I'm pretty close to my kidney doc... she has had 2 of my children...


----------



## shakeylegs (Jan 3, 2008)

James S said:


> Gotta find what works for you, that is the truth. I went through a bad spate of them a few years ago that were not responding to the normal over the counter type additions and got a few different prescriptions. Can't remember which one of them actually did the trick, but none of them had any side effects on me at all. So dont be afraid to try just because of some nasty stories from your friends. If you can't get things under control any other way, take the darned prescription drugs. There are many different acting things available that can help and chances are extremely good that you can find one that both helps your headache and doesn't mess with the rest of you.
> 
> 
> 
> ...



James,
I won't quarrel with your wife, and I won't rely on my personal experience to rebut her advice. But 2 nephrologist have advised about this cumulative effect business, as did my wife's cardiologist, and a close friend who is a surgeon. Both my previous and my current nephrologist prohibit use of all NSAID's by their at risk patients. A recent, and unsolicited, opinion of my wife's cariologist was the same, and he too mentioned this cumulative effect. In his words "just stay away". He did not know about my condition.

Just for the record, alcohol is a rare treat, something I've largely avoided over my lifetime. Additionally, my kidneys were probably in a compromised state prior to my 10 day ibuprophen/tylenol binge which immediately preceded the onset of my kidney trouble. 

Certainly, if modest use and abuse of NSAID's was harmful, we'd see many more cases of kidney failure.
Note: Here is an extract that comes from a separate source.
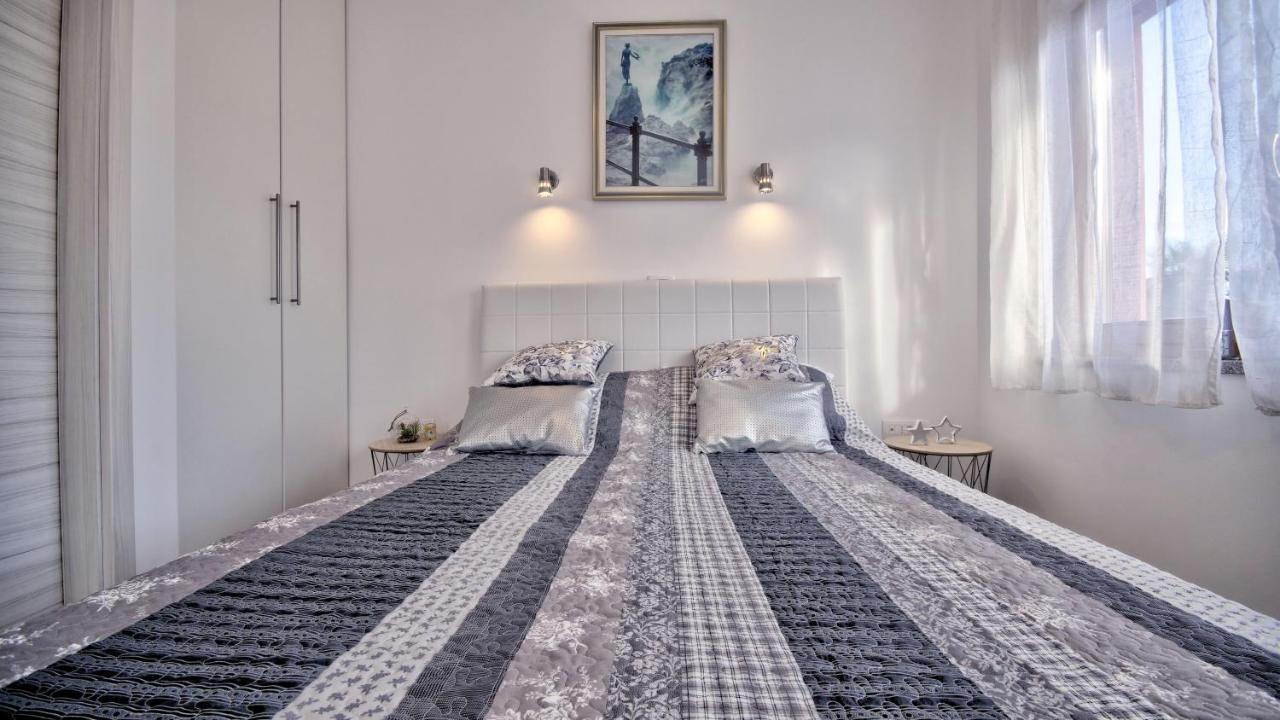 Studio Apartment Margarita Opatija Eksteriør bilde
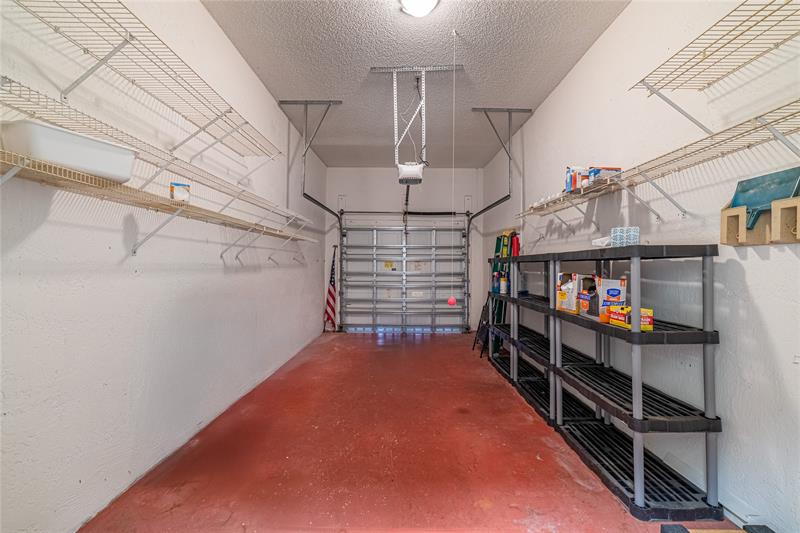 Image 26 of 39 For 10152 Lombardy Dr  10152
Still, for what it's worth:

"The incidence of Acute Renal Failure, although relatively common, is difficult to define, and the incidence of drug-induced renal failure (DIRF) is even more difficult to ascertain. Current information suggests that ARF accounts for 1% of hospital admissions . . . Worldwide, the reported incidence of ARF in critical illness is 1% to 25%, with 3.4% to 4.9% of patients requiring renal replacement therapy (RRT).3 *DIRF occurs in 18% to 27% of hospitalized patients with ARF, and 20% of hospital admissions for ARF are reportedly caused by drugs, particularly nonsteroidal anti-inflammatory drugs (NSAIDs)*."
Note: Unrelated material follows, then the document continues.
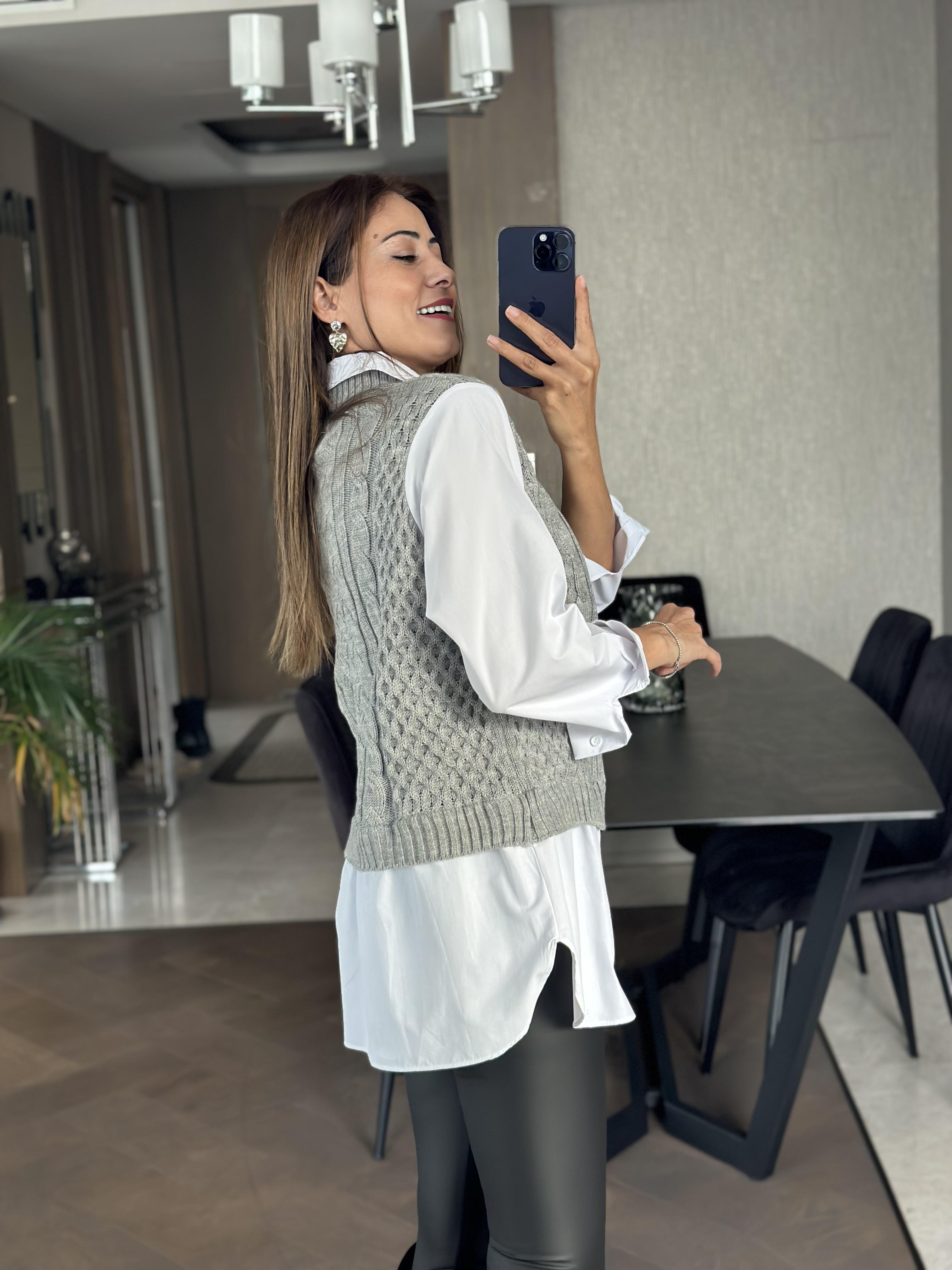 Gri Beyaz Gömlekli Triko Kadın Süveter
See this link for full article:
http://www.uspharmacist.com/index.asp?show=article&page=8_1978.htm

And the American College of Physicians warns that chronic kidney disease is now at record levels, with acute renal failure having doubled over the last ten years. They warn physicians that people with varying medical conditions, including diabetes, autoimmune diseases and perhaps high blood pressure, among others, may have undetected kidney disease. They advise physicians "should thoroughly review any drugs—both prescribed and over-the-counter—your kidney disease patients take. Many common drugs, such as NSAIDs and certain antibiotics, can cause acute kidney dysfunction or damage and should be avoided."
full article here:
http://www.acponline.org/journals/news/oct02/kidney.htm

I would simply suggest that anyone using NSAID's on a regular basis might wish to research this issue further, especially if they might be subject to compromised kidney function.


----------



## Dantor (Jan 4, 2008)

> I could count the cycles in flourescent lights bad!


my fiance who suffers from them can do that! and all strobe lights effect her bad.


----------



## MikeLip (Jan 4, 2008)

chmsam said:


> Small amounts of caffeine do help, but only in small amounts. That's one reason why Excedrin works. However, too much caffeine can act as a trigger so be careful.




Bingo. Caffeine is a double edged sword. I have found that a cup or two of tea or half-decaf, half regular coffee is safe. More than that and I have a headache. LESS than that and I have a headache. The latter is probably due to caffeine addiction, and indeed I can shake it after a few days without it. But to much is bad news. So if you are a migraineur and use caffeine in any form, be careful about it!

Migraines suck!


----------



## Finbar (Jan 4, 2008)

I guess I am lucky that I do not have the super pain head splitters like some of you, but I do have cluster headaches. Also called "suicide headaches".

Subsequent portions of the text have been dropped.